Bisnis.com, JAKARTA-- Kementerian Desa PDTT membentuk satgas untuk mengawasi dana desa mengingat Pemerintah kembali menaikkan anggaran dana desa tahun ini.
“Satgas Dana Desa juga akan mendorong dan mengingatkan agar para kepala desa menjalankan empat program unggulan Kemendes PDTT. Selain itu, Satgas juga akan tetap menjalankan tugas utamanya, yakni mengawasi dan mencegah adanya penyelewengan dana desa,” ujar Menteri Desa PDTT Eko Putro dalam keterangan resmi, dikutip Minggu (16/7/2017).
Untuk diketahui, pada 2015, Dana Desa yang terserap dari Rekening Pemerintah Daerah ke Pemerintah Desa mencapai 93,17%.
Tahun 2016, jumlahnya meningkat menjadi 96,32%. Sementara tahun 2017 ini, tercatat hingga 16 Juni lalu, sudah terdapat 413 daerah yang tersaluri Dana Desa 2017 tahap pertama dengan persentase 95,54%.
Adapun, pemanfaatan Dana Desa pada 2016 sudah sangat beragam.
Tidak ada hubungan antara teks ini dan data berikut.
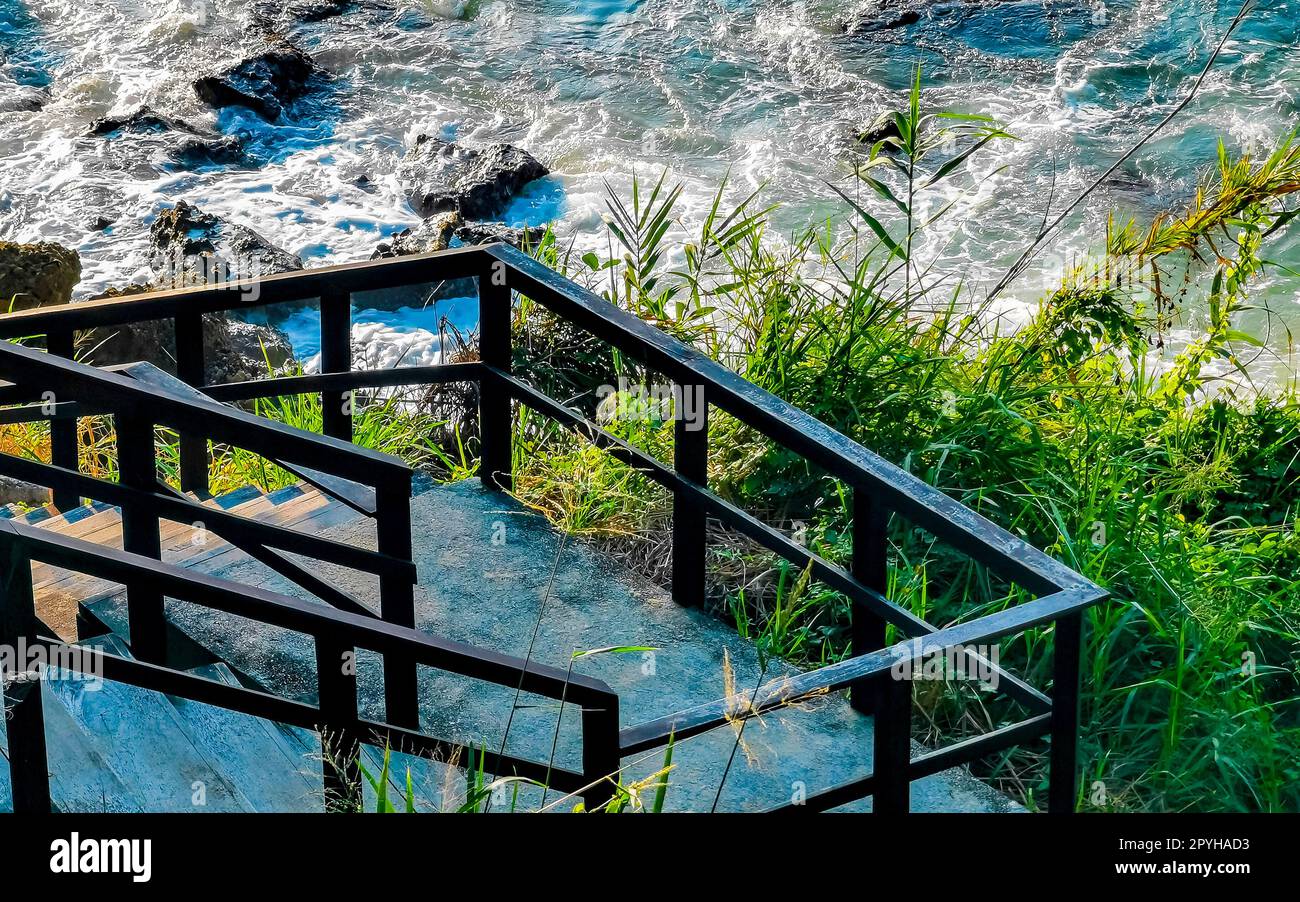 Sentier en bois à la plage sable vagues Carrizalillo Puerto Escondido. Banque D'Images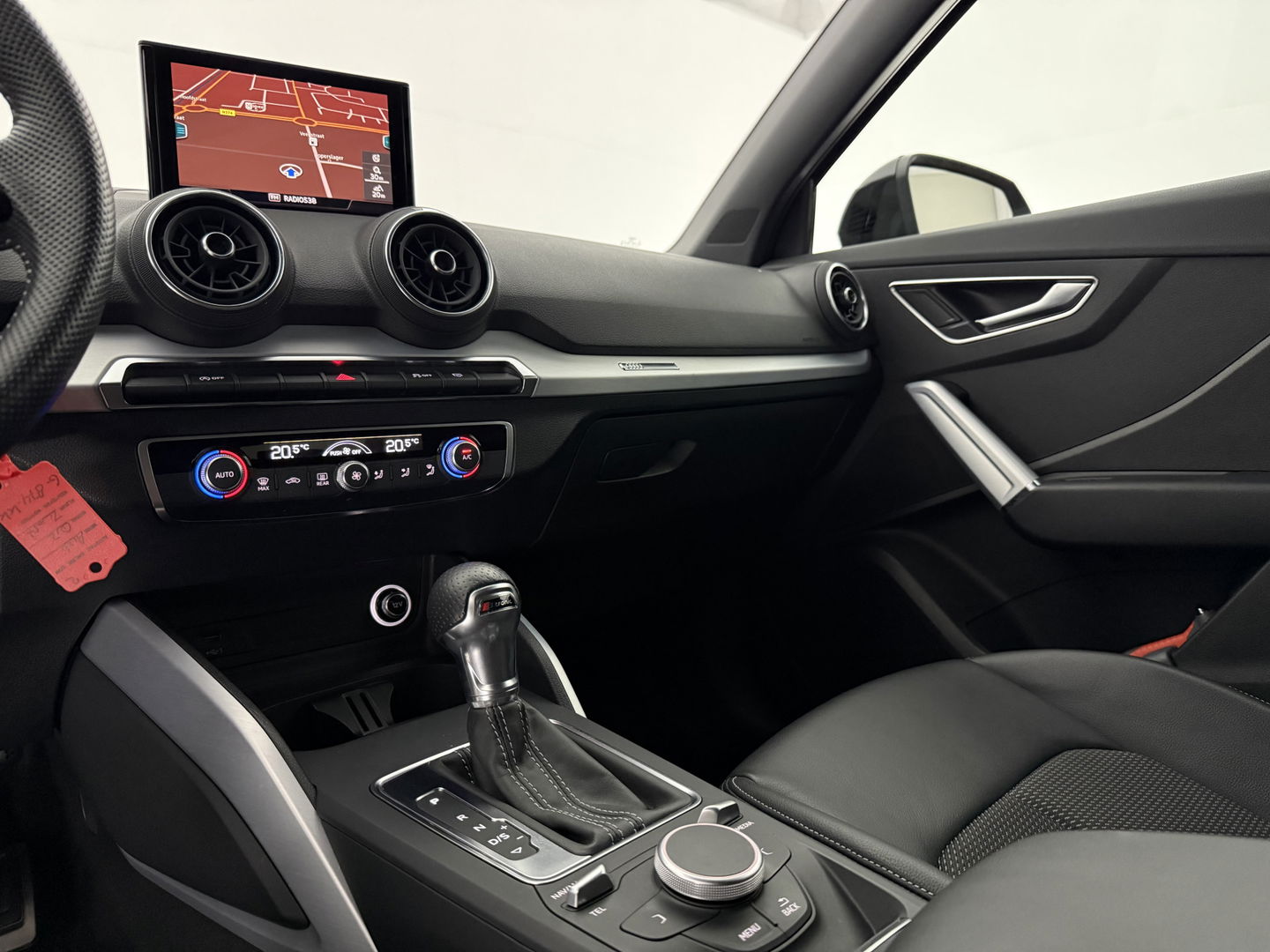 Audi Q2 35 TFSI 150PK S-line | LED | Carplay | Clima | Cruise | Navigatie | Parkeersens. | NAP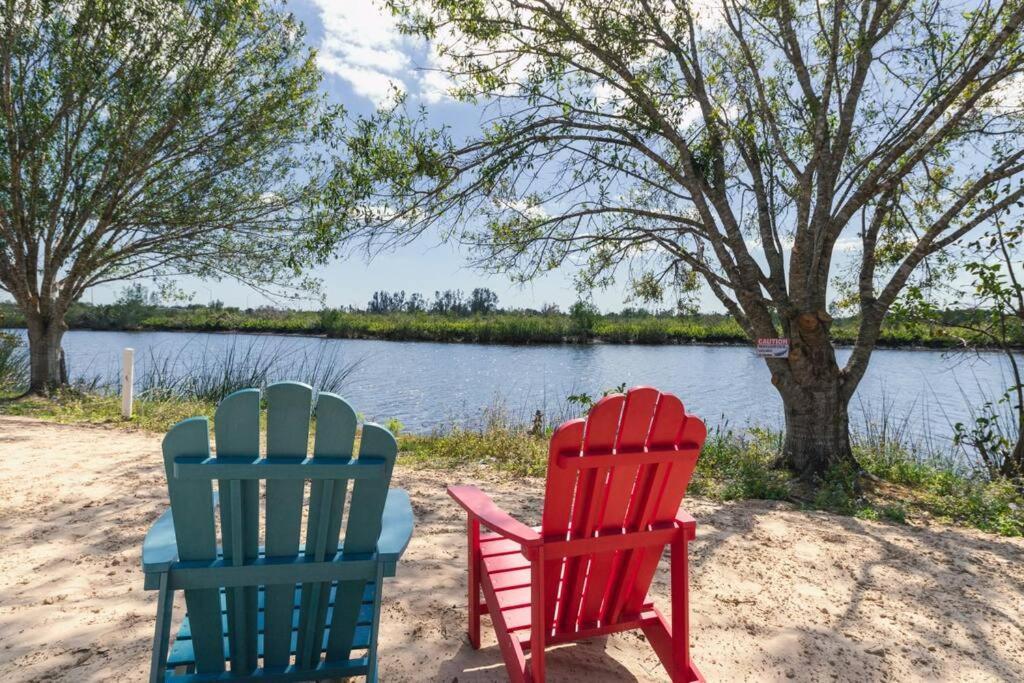 Apartment Beautiful Waterfront 1 Bedroom #3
Mayoritas digunakan untuk peningkatan dan perbaikan infrastruktur dasar yang mendukung kegiatan perekonomian.
Tercatat, pemanfaatan Dana Desa 2016 di antaranya digunakan untuk jalan desa sepanjang 66.884 km, saluran irigasi 12.596 unit, embung 696 unit, pasar desa 1.819 unit, PAUD 11.296 unit, Polindes 3.133 unit, Posyandu 7.524 unit, dan Posyandu 7.524 unit.
Baca Juga
Hingga 2017 ini, Dana Desa juga menstimulasi terbentuknya BUMDes sebagai penggerak ekonomi masyarakat desa sebanyak 18.446 unit. Beberapa BUMDes yang berkembang di antaranya memiliki omset antara Rp300 juta hingga Rp10 miliar.
Hadirnya BUMDes merupakan upaya untuk terus meningkatkan produktivitas masyarakat dan menciptakan lapangan usaha baru. Dengan demikian, masyarakat desa akan mendapatkan manfaat langsung yakni peningkatan pendapatan.
Sementara itu, selain mendapat pengawasan dari Satgas Dana Desa, Badan Pemeriksa Keuangan (BPK) juga tengah mencari formulasi untuk masuk dan melakukan audit terhadap pengelolaan dana desa.
Sebelumnya, Ketua BPK Bahrullah Akbar menjelaskan penggunaan dana desa relatif belum banyak tersentuh tangan lembaga auditor negara tersebut. Padahal tanpa kontrol dari BPK, pengelolaan dana desa bakal lebih riskan dan rawan diselewengkan.
Adapun selama ini audit BPK masih terpusat ke anggaran dana desa atau ADD yang dananya berasal dari Anggaran Pendapatan dan Belanja Daerah atau APBD.
Nilai ADD adalah 10% dari total APBD atau sekitar Rp80 triliun. Sedangkan jumlah dana desa tahun ini sekitar Rp60 triliun yang langsung dari pusat.
Pengawasan terhadap pengelolaan dana desa sangat penting, pasalnya BPK menengarai tingginya potensi penyelewengan.
Di samping itu, berdasarkan pengalaman audit anggaran dana desa yang berasal dari APBD, banyak kepala daerah yang ditahan lantaran menyelewengkan dana tersebut.
"Isu-isu seperti ini yang akan kami fokuskan, karena dana desa merupakan salah satu kebijakan dari sisi fiskal untuk menggenjot pembangunan daerah, karenanya patut dijaga,"pungkasnya.